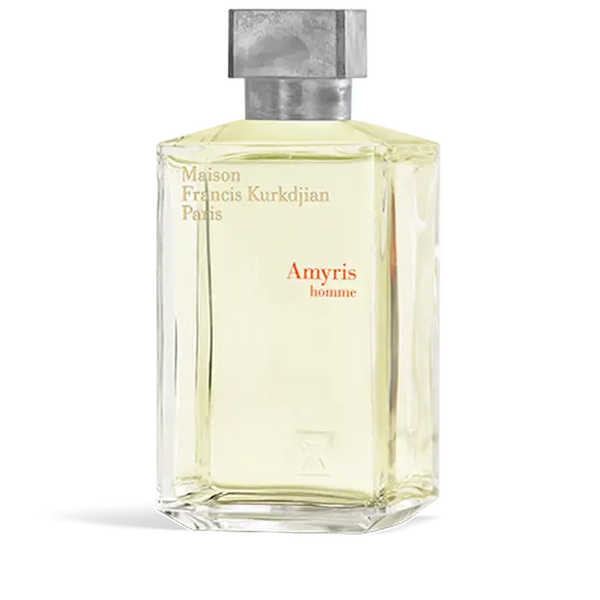 Amyris Homme Eau de Toilette - Profumo - Francis Kurkdjian - Alla Violetta Boutique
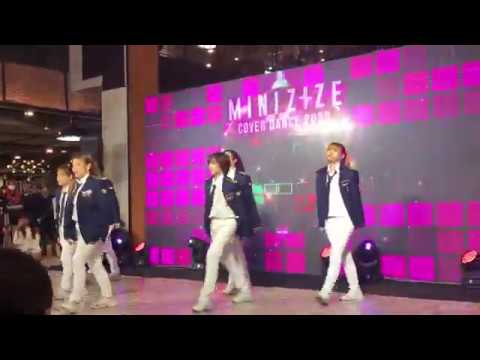 (250163) KK CAM | ABC cover BTS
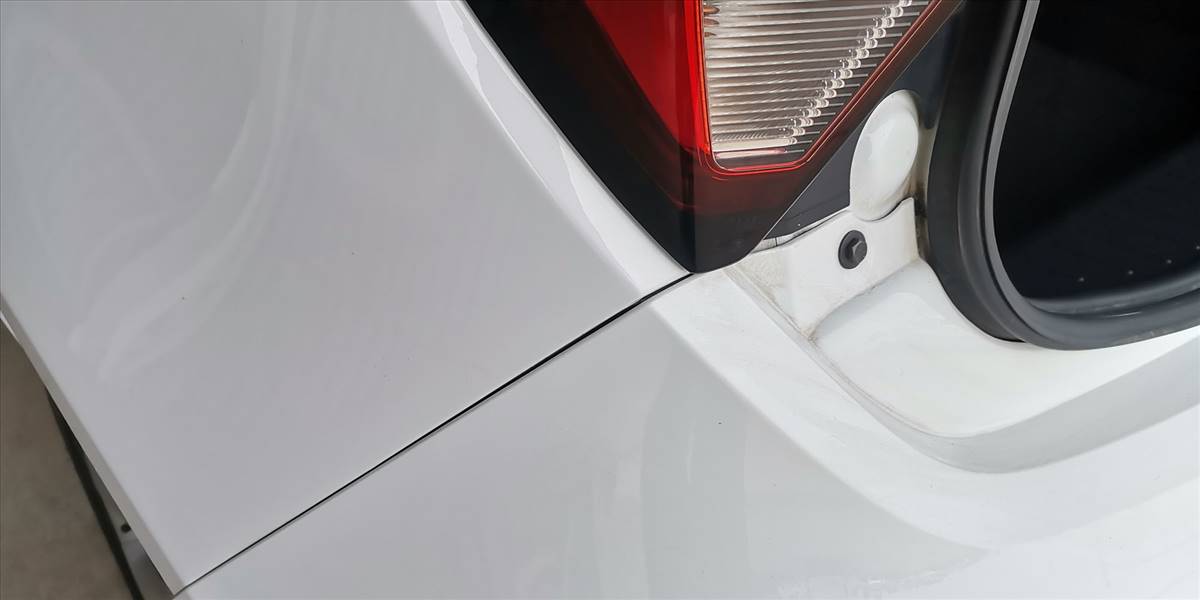 MG 3 HATCH BACK 1.5 AUT - Imagen 36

--- Instructions to follow ---
Word for word, quote the lines above. Omit the pictures.

--- Written solution ---
 Amyris Homme Eau de Toilette - Profumo - Francis Kurkdjian - Alla Violetta Boutique
 (250163) KK CAM | ABC cover BTS
 MG 3 HATCH BACK 1.5 AUT - Imagen 36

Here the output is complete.